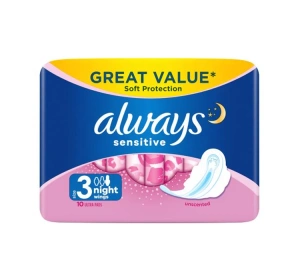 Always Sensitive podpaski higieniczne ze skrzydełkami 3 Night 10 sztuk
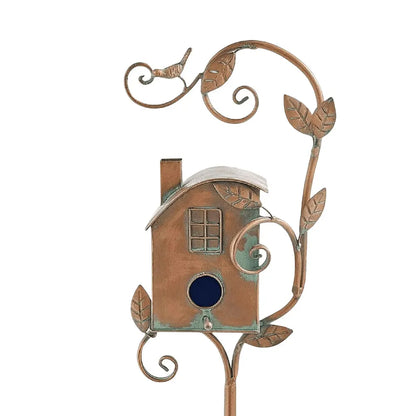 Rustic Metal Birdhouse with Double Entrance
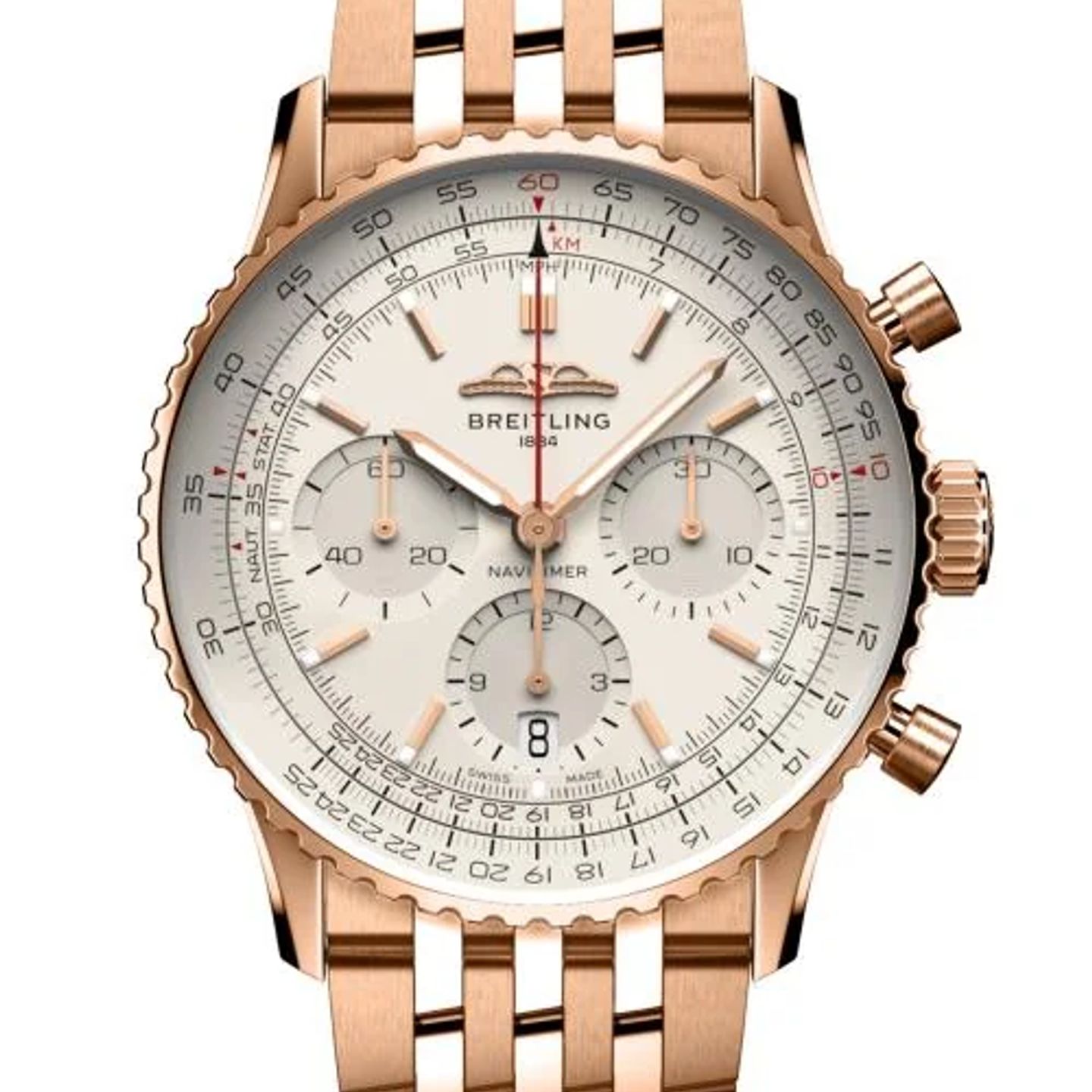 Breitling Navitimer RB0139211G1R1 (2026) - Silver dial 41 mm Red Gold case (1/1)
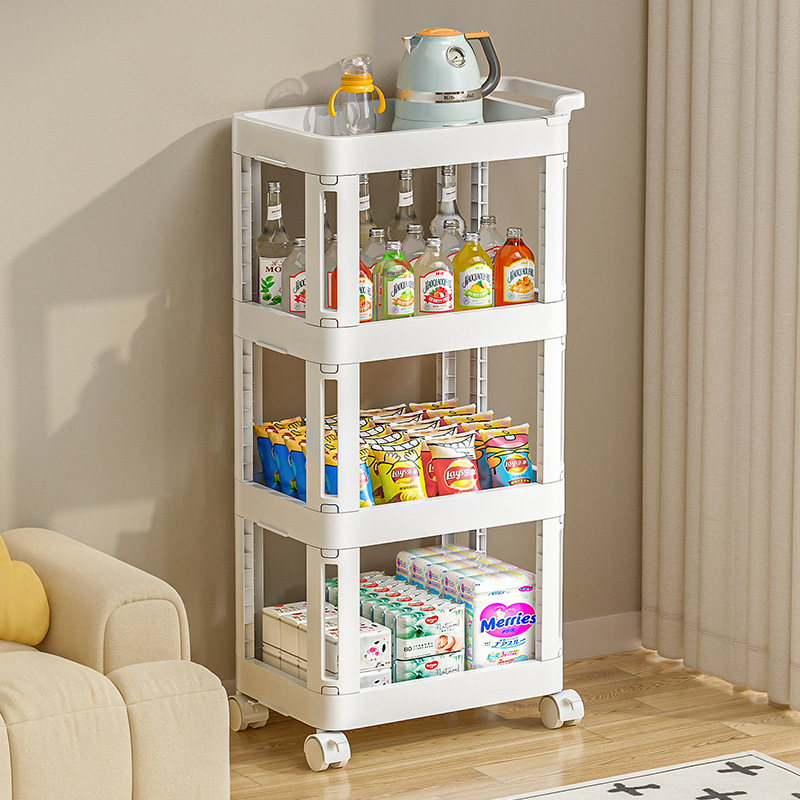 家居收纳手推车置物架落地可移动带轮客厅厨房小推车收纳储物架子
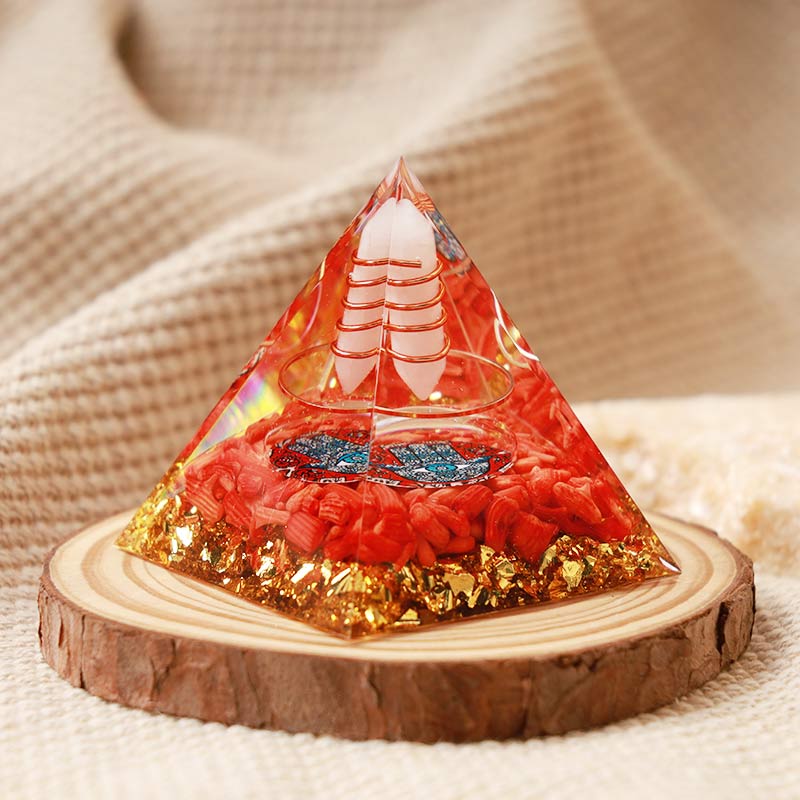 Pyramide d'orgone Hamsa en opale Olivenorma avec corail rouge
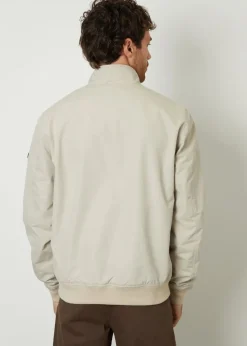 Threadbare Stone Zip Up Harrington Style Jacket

Directions: Find the line with "Breitling Navitimer RB0139211G1R1" in the listing and extract it and all lines after it through the end, exactly, without the pictures.

Answer:
 Breitling Navitimer RB0139211G1R1 (2026) - Silver dial 41 mm Red Gold case (1/1)
 家居收纳手推车置物架落地可移动带轮客厅厨房小推车收纳储物架子
 Pyramide d'orgone Hamsa en opale Olivenorma avec corail rouge
 Threadbare Stone Zip Up Harrington Style Jacket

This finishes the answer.